7/1/94, Philadelphia, PA, The Mann Center for the Performing Arts

Dec 15, 2014

There’s an elegant Phish term for shows like 7/1/94: average-great. The band’s debut at the Mann contains three pretty-good jams in Stash, Possum, and Harry Hood, a mildly unorthodox setlist, a nice suite of Page-featuring songs in the first set, and a nine-segue run taking up most of the second set. It’s pleasant enough, but probably not anyone’s favorite show, and somewhat anonymous amid a respected series of shows between mid-June and mid-July.

Old-school Phish commentator Charlie Dirksen gave his fellow Phish writers a gift when he coined “average-great” way back in the rec.music.phish days. It does the heavy lifting of reassuring any overly-sensitive fans that a particular date or song version is still really, really good to our ears in the grand scheme of modern music, while also admitting that sometimes a show is just…a show, relative to the entirety of Phish’s career. It’s just basic statistics — if a band plays more than one show, there’s going to be a median somewhere, a line that half of performances are below and half are above. Only talking about Phish between the boundaries of “best show ever” and “bestest show ever” is incredibly limiting, and does a disservice to the truly great as much as it is overly forgiving to the merely routine.

But what exactly is average-great? On one hand, it’s as implicitly understood by a Phish obsessive as “Type II” and “bustout”; on the other, it’s a bit fuzzy and hard to pin down objectively. Average-great only gets fuzzier when you consider the term across time — surely, average-great in 1988 is different from 1993, or 1998, or 2003, or 2013?

So before I let my 7/1/94 judgment stand, I thought I’d try to quantify what “average-great” meant in the first half of 1994. I will immediately admit that this is a very silly pursuit—boiling the incredibly subjective experience of a Phish show down to simple numbers is blatantly absurd and imperfect. But as Zzyzx has shown for a couple decades, there are Phish numbers to play statistician on, and doing so can challenge or support some of the assumed, shared wisdom of the Phish community. So, with apologies to people who actually know how to do this stuff, let’s take a look.

The obvious first step is to try and measure what the true “average” show was in spring/summer 1994 (and for all these analyses, I’m only using shows I’ve covered to date, so 4/4/94–7/1/94, with the pesky one-setter on 4/28 tossed out). The least objectionable measure of a show’s quality is probably the show ratings on phish.net, even though they present a whole bunch of statistical issues: low sample size, oversampling on popular shows, and the general inability of Phish fans to rate any show lower than 3 stars.

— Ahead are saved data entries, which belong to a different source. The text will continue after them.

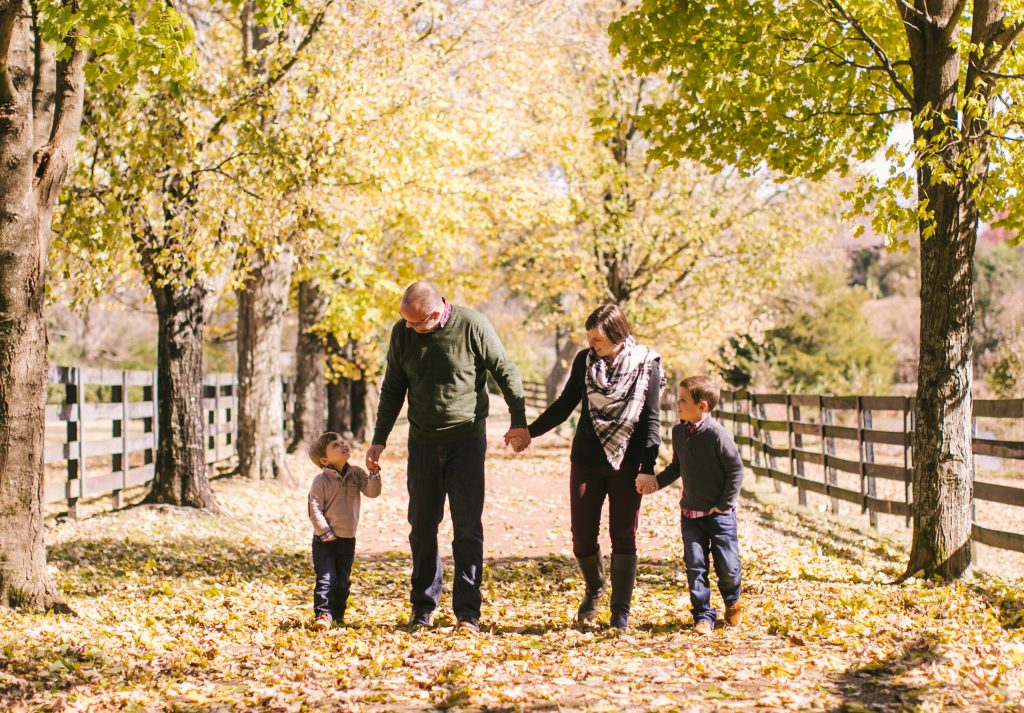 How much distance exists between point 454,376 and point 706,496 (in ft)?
5.06

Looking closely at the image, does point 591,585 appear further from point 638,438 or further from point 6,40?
point 6,40

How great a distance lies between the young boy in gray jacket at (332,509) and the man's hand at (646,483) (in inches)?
59.2

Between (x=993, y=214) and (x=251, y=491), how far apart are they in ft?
30.5

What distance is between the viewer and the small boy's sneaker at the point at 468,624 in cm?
579

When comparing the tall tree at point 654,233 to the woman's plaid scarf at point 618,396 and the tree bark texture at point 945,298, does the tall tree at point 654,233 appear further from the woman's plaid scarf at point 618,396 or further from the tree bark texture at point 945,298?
the woman's plaid scarf at point 618,396

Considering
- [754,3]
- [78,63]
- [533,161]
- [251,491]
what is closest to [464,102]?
[533,161]

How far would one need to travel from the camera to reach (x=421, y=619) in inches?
232

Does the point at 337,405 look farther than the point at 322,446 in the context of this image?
Yes

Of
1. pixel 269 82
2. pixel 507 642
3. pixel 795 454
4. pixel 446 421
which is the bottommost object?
pixel 507 642

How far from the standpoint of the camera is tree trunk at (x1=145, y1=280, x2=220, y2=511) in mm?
10875

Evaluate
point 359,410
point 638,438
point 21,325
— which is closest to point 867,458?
point 638,438

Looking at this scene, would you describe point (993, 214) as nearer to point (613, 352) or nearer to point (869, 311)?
point (613, 352)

With all that in mind, here’s how early 1994 looks, in boxplot form.

For those interested in exact numbers, the median lies at 4.083, the mean at 4.056. The range runs from 3.211 (6/23/94 in Pontiac, MI) to 4.697 (surprise, surprise, it’s the Bomb Factory)—statistical evidence that “average-great” is the default setting for phish.net raters.

Eyeballing the points in that graph suggests that the average rating for shows has been gradually increasing over 1994, which I argued for in the last essay. So let’s look at the overall trend.

There’s a slight dip at the end of June, but clearly the performances have been improving over the course of the year so far. You can even see the scale of 5/7/94's anomaly, which is so highly rated compared to its peers that it pretty much singlehandedly creates an early bump in the data. I then looked at this spring/summer trajectory separated into months, to make sure I wasn’t completely talking out my ass in the 6/30/94 essay.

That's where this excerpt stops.